> [Work to be completed]: Please make an exact copy of the lines from the one holding "Еда ТГК марихуана Артём" through the end of the data, both ends included, with no pictures.

Start of Source material

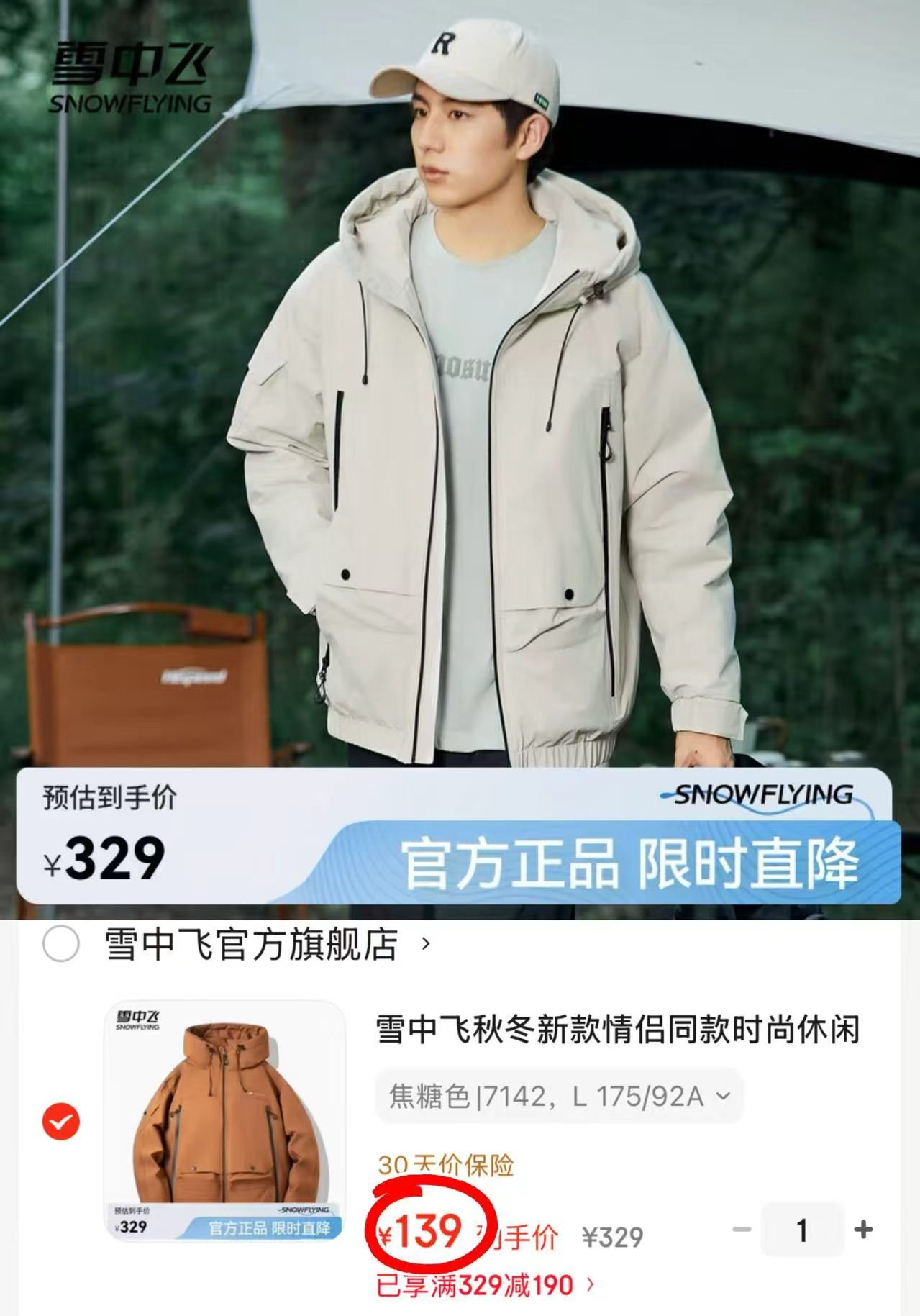 雪中飞情侣款羽绒服 139元 - 86线报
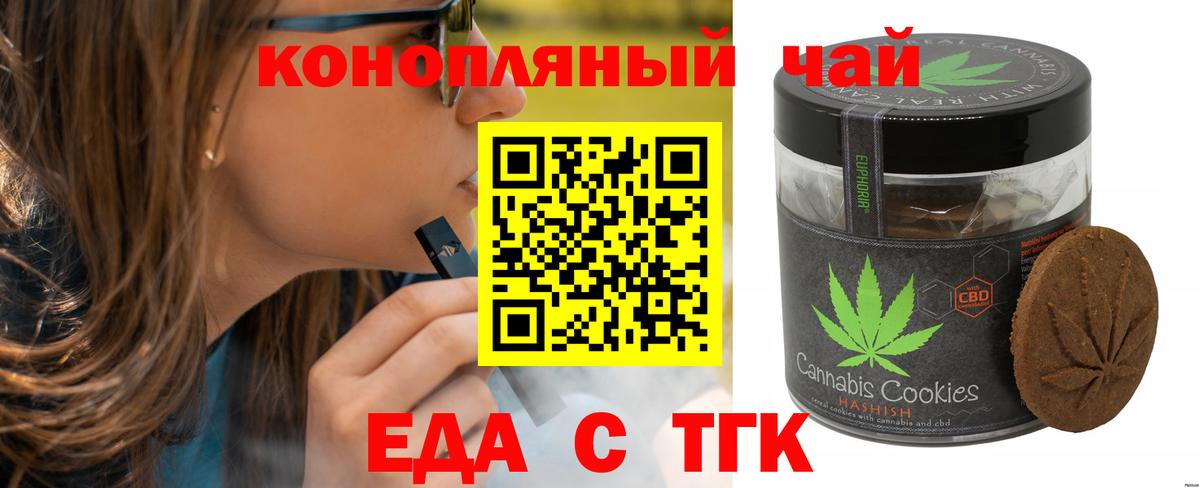 Еда ТГК марихуана Артём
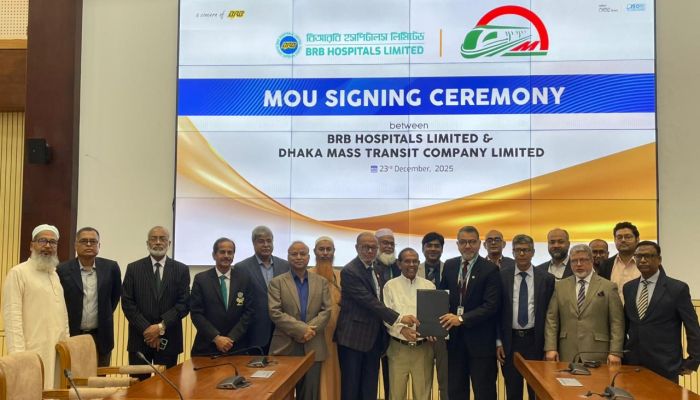 ঢাকা ম্যাস ট্রানজিট কোম্পানি লিমিটেড ও বিআরবি হসপিটালস লিমিটেড এর মধ্যে কর্পোরেট চুক্তি স্বাক্ষর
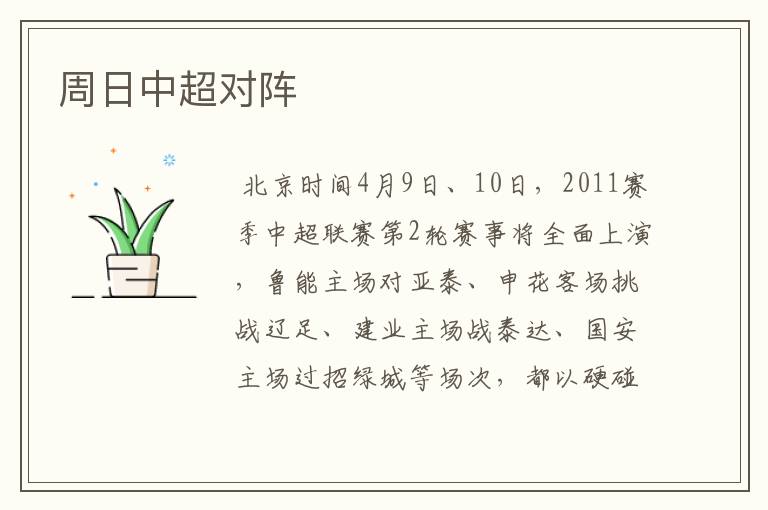 周日中超对阵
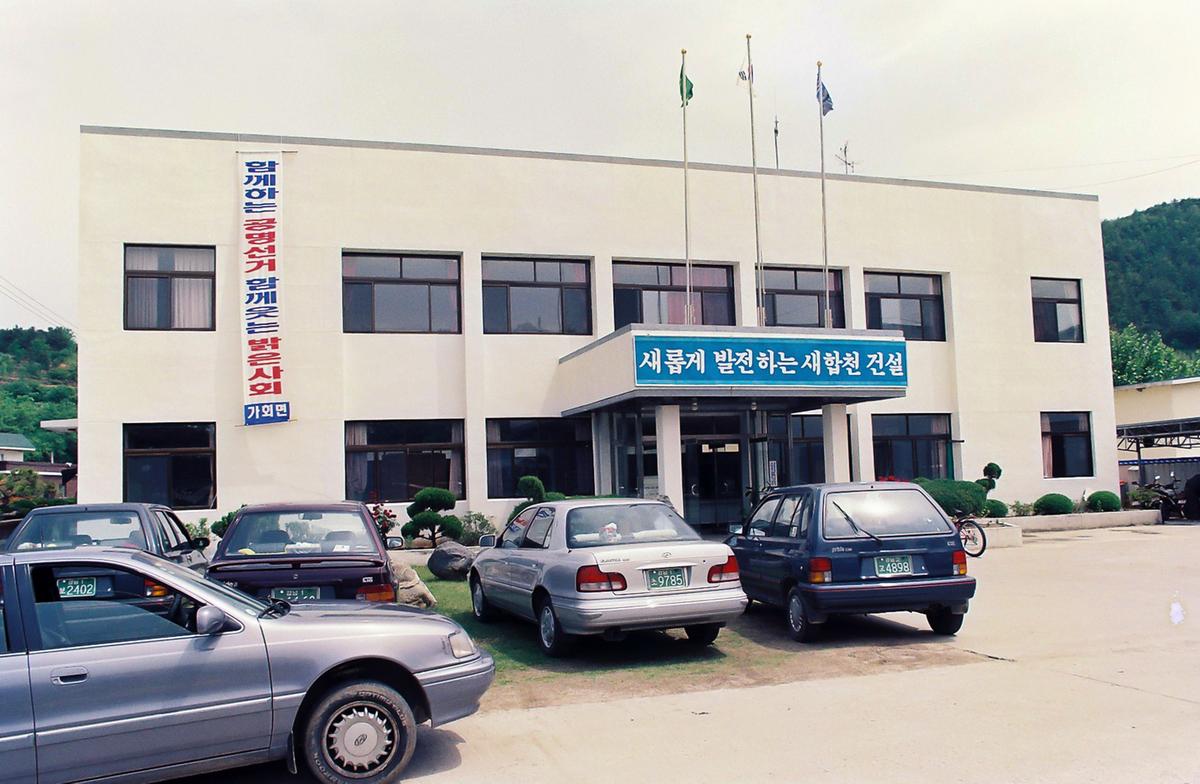 공명선거 현수막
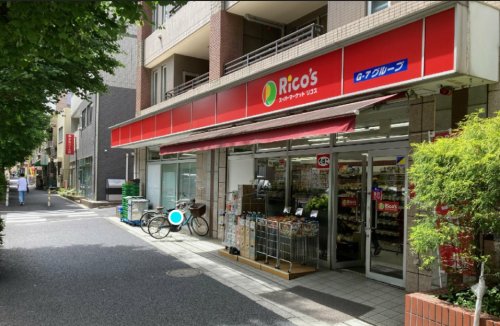 スーパー　スーパーマーケットリコス 東高円寺駅前店（スーパー）まで164m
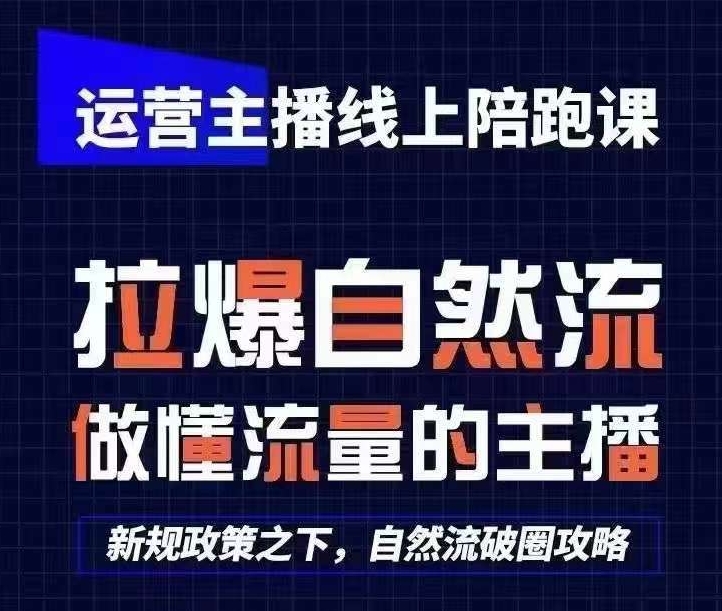 运营主播线上陪跑课，从0-1快速起号，猴帝1600线上课(更新24年8月) - 宏盛创业网-宏盛创业网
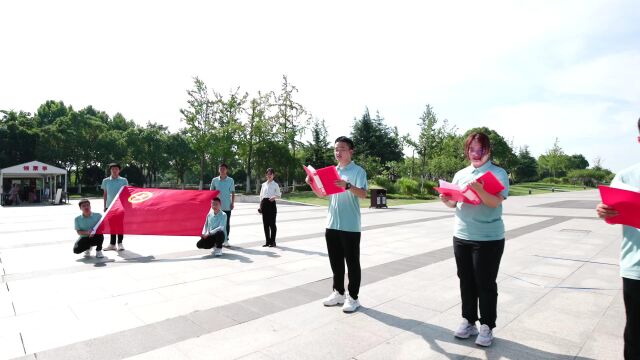 中铁四局城轨分公司团委开展“永远跟党走 共绘同心圆”主题团日活动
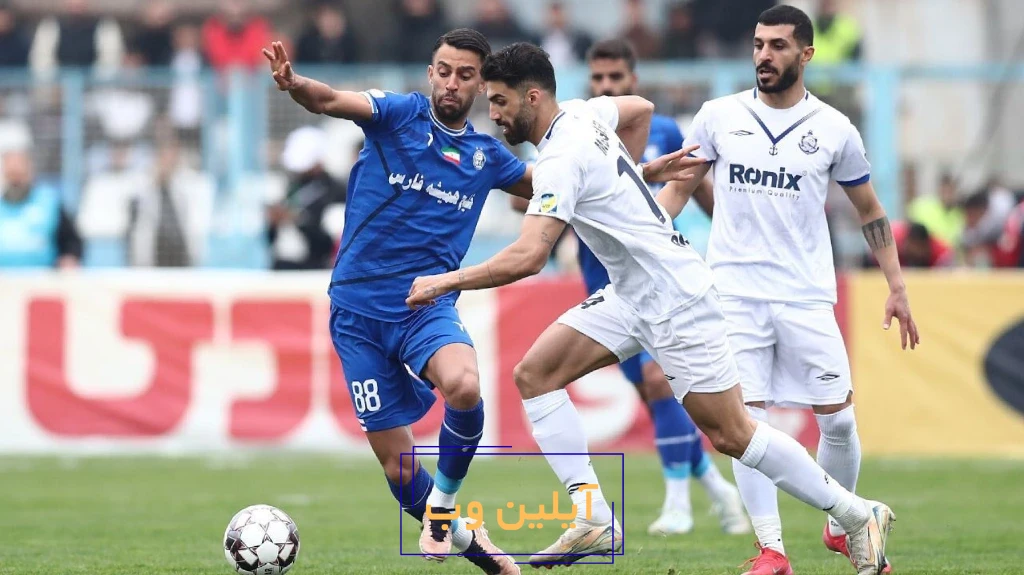 فینال هیجان‌انگیز جام حذفی فوتبال ایران؛ قوی سپید انزلی در مقابل آبی‌های پایتخت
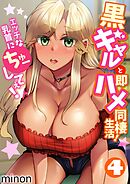黒ギャルと即ハメ同棲生活！エッチな乳首にちゅーしてぇ！(4)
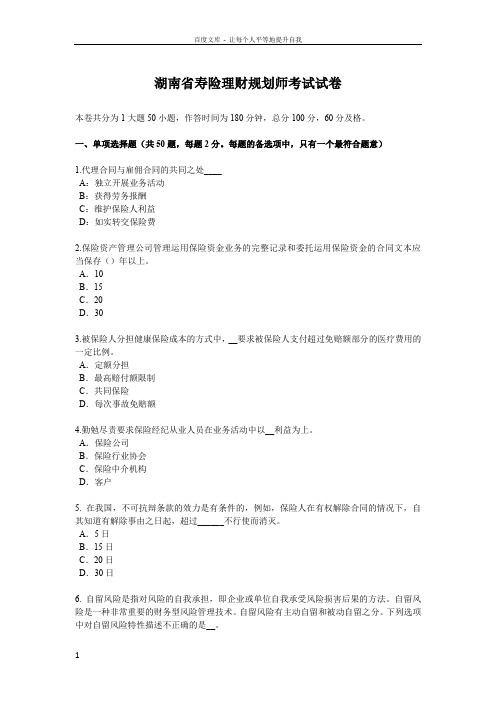 湖南省寿险理财规划师考试试卷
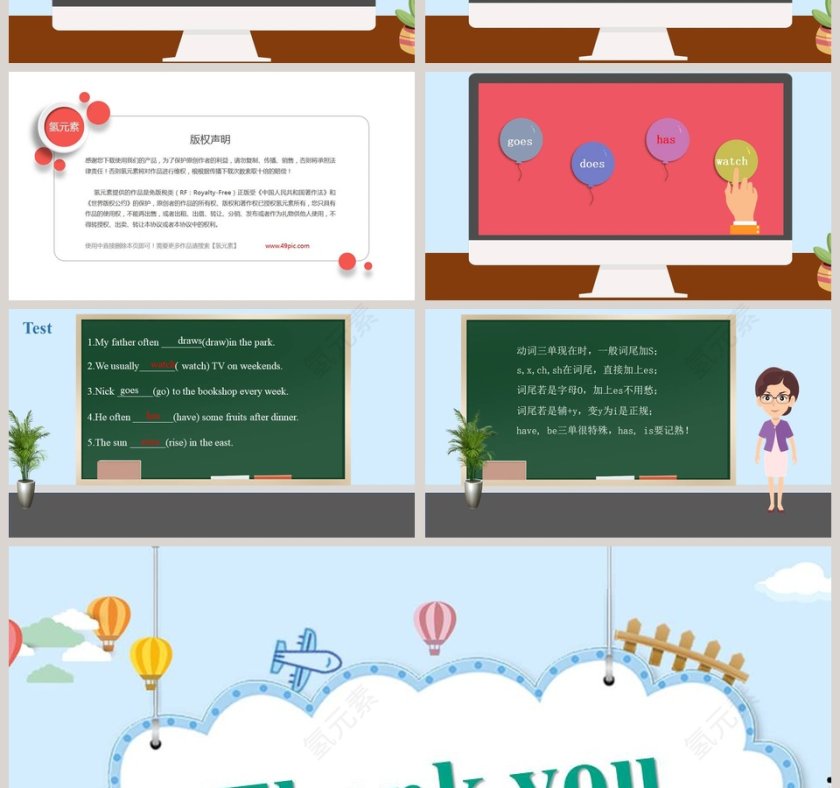 Unit1I go to school at 800精通版六年级PPT模板设计第4张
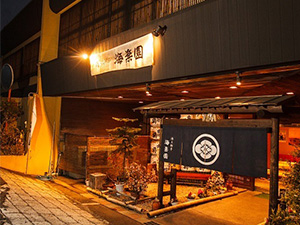海上料亭　海楽園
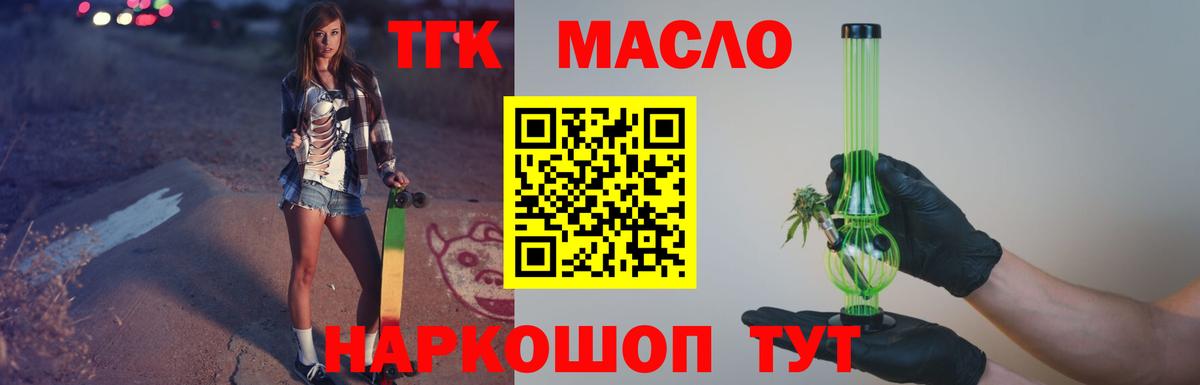 Дистиллят ТГК жижа  блэк спрут маркетплейс  Дистиллят ТГК концентрат  Южноуральск  Вход с VPN 
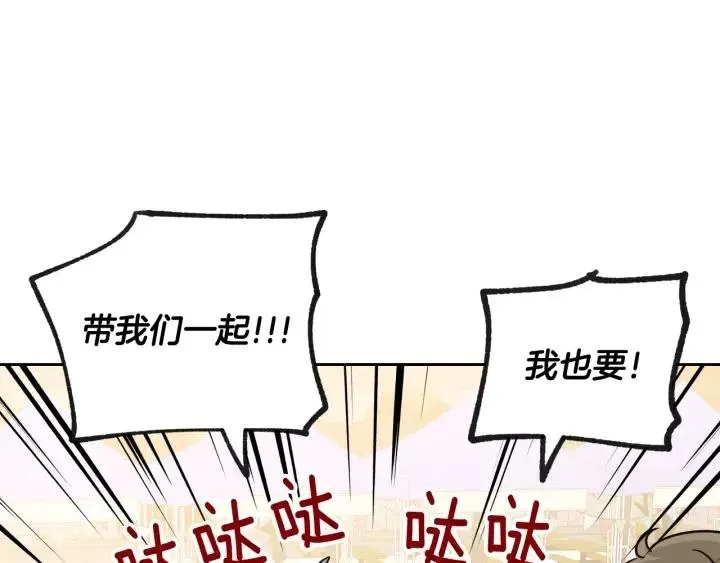 第71话 你在我身边 第114页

End of Source material

> [Solution to this task]:
 Еда ТГК марихуана Артём
 ঢাকা ম্যাস ট্রানজিট কোম্পানি লিমিটেড ও বিআরবি হসপিটালস লিমিটেড এর মধ্যে কর্পোরেট চুক্তি স্বাক্ষর
 周日中超对阵
 공명선거 현수막
 スーパー　スーパーマーケットリコス 東高円寺駅前店（スーパー）まで164m
 运营主播线上陪跑课，从0-1快速起号，猴帝1600线上课(更新24年8月) - 宏盛创业网-宏盛创业网
 中铁四局城轨分公司团委开展“永远跟党走 共绘同心圆”主题团日活动
 فینال هیجان‌انگیز جام حذفی فوتبال ایران؛ قوی سپید انزلی در مقابل آبی‌های پایتخت
黒ギャルと即ハメ同棲生活！エッチな乳首にちゅーしてぇ！(4)
 湖南省寿险理财规划师考试试卷
 Unit1I go to school at 800精通版六年级PPT模板设计第4张
海上料亭　海楽園
 Дистиллят ТГК жижа  блэк спрут маркетплейс  Дистиллят ТГК концентрат  Южноуральск  Вход с VPN 
 第71话 你在我身边 第114页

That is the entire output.